Govt Launches National Clean Air Programme
In order to control the deteriorating air quality across the Indian cities, the government finally launched the much awaited the National Clean Air Programme (NCAP) on January 10. Earlier, the Centre on December 25 allocated Rs 300 crore for the implementation of the plan as an overall cost of taking multiple air pollution abatement measures in 102 cities in next 15 months. The Centre has set a mid-term target to reduce air pollution by 20-30 per cent by 2024.
The initial amount will be spent in expanding air-quality-monitoring capacities in states, and setting up national emission inventory and conducting source apportionment studies in cities which are important to identify nationwide pollution hotspots, figuring out exact sources of pollution and conduct its own scientific studies on health effects of air pollution.
Here are some important details about the NCAP:
The program launched by the Ministry of Environment is a 20-point plan that would focus on meeting the annual average ambient air quality standards at all locations in the country. The tentative national level target of 20–30 per cent reduction of PM2.5 and PM10 concentration by 2024 is proposed under the NCAP taking 2017 as the base year for the comparison of concentration.

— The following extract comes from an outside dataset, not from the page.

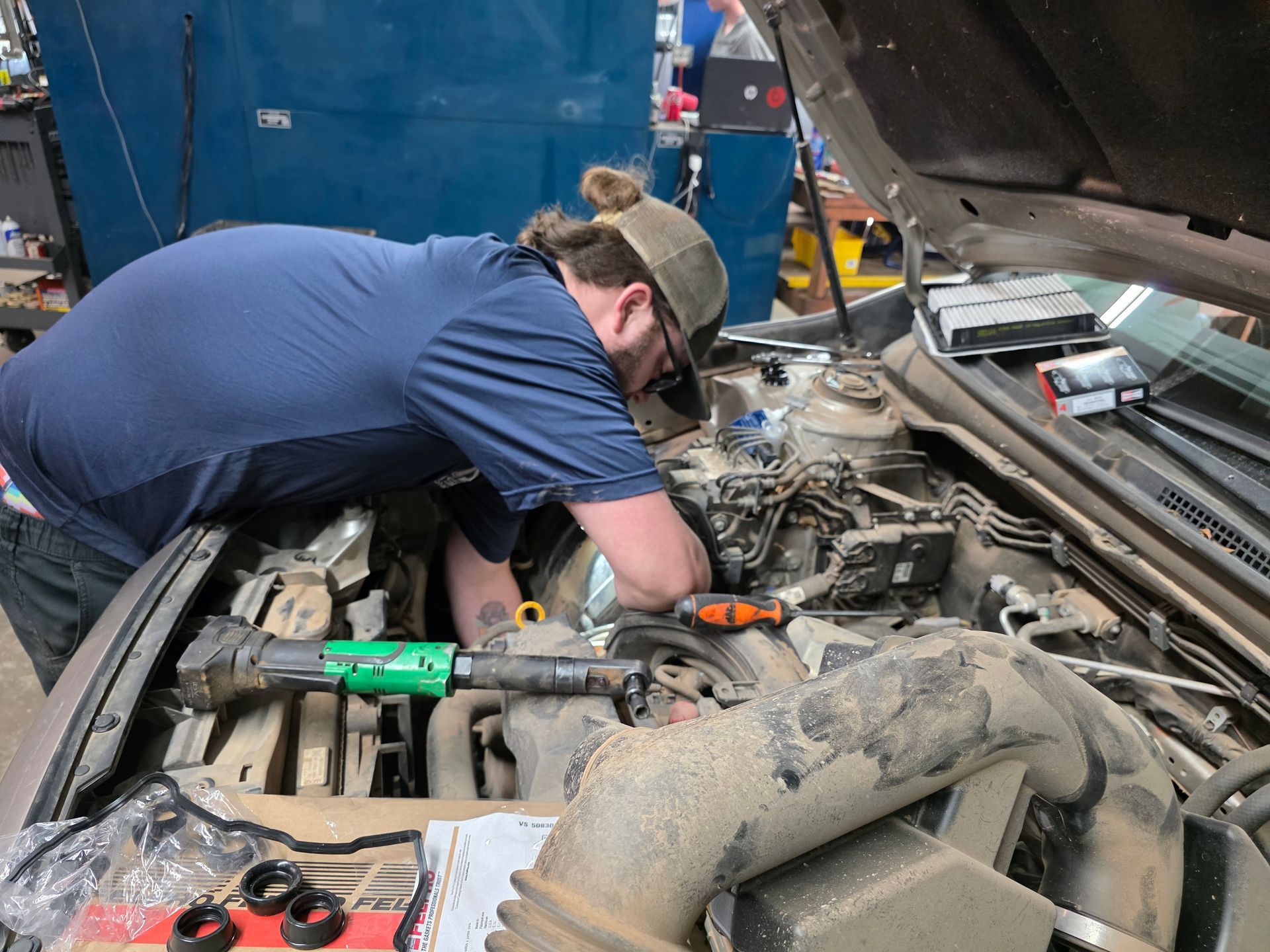 Mechanic working on car engine in a garage; using tools | Kaiser Automotive Tire & Alignment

While the Central government has conveniently shifted the onus to the state government, the plan also focusses on collecting authentic data on pollution sources, monitoring of rural air pollution and implementing an institutional framework at the centre and state level to take preventive steps. The objective of the programme is to have a comprehensive plan for prevention, control and abatement of air pollution, and to augment the air quality monitoring network across the country.
The program is India’s first step to fight air pollution in a coordinated way that would require all the states to come up with their own plan. The plan also mentions the time frame for implementing measures but does not have any directives for the states in their action plan.

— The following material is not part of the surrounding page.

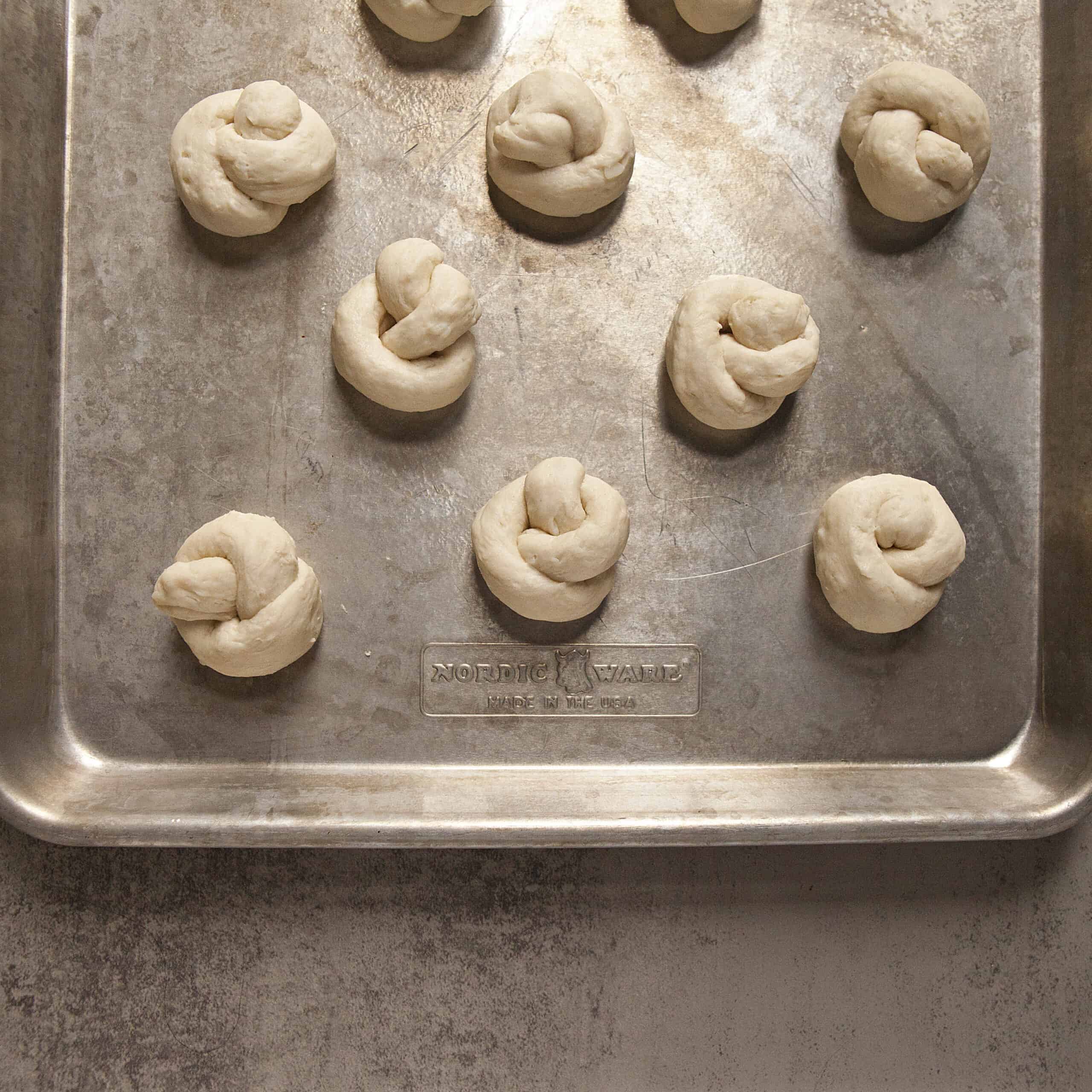 Uncooked garlic knot dough on a silver baking sheet.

Under the project, an apex committee will be formed under the environment ministry, a steering committee under the Environment Secretary and a monitoring committee under the Joint Secretary. There would be separate state-level committees with scientist and trained personnel. All the programs framed by states will have to be funded by their own.
The other side
While the centre has finally shown its intention to address the depreciating air quality, the environment bodies have condoned the plan as ‘dreamy’.
The Indian wing of Greenpeace, a global environmental group, has said that the absence of pollution reduction targets is a grave concern. “While this is a big achievement for the people who have been at the receiving end of the air pollution issue, the absence of absolute pollution reduction targets of 35 per cent in three years and 50 per cent in five years is a cause of concern. We believe the ministry will rectify those in the final version of the programme," said Greenpeace India.

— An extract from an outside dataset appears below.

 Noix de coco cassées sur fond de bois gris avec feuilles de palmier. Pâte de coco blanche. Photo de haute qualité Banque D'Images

The Society for Environmental Communications has also slammed government for not quantifying targets. According to SEC, “It will be interesting to observe whether NCAP’s well-intended and ambitious initiatives without quantified targets would result in significant impact or not. The merit of backing action planning with city-specific data cannot be discounted, but, generating data on source contribution and preparing city-level emission inventories is a continuous and time-consuming process that should not delay the clean air action planning process.”